WORK TASK:
Could you print every record below exactly as it appears?

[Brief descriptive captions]

%%

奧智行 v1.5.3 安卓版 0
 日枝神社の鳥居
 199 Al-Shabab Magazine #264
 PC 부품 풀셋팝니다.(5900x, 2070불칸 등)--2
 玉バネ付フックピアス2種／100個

%%

WRITTEN SOLUTION:
奧智行 v1.5.3 安卓版 0
 日枝神社の鳥居
 199 Al-Shabab Magazine #264
 PC 부품 풀셋팝니다.(5900x, 2070불칸 등)--2
 玉バネ付フックピアス2種／100個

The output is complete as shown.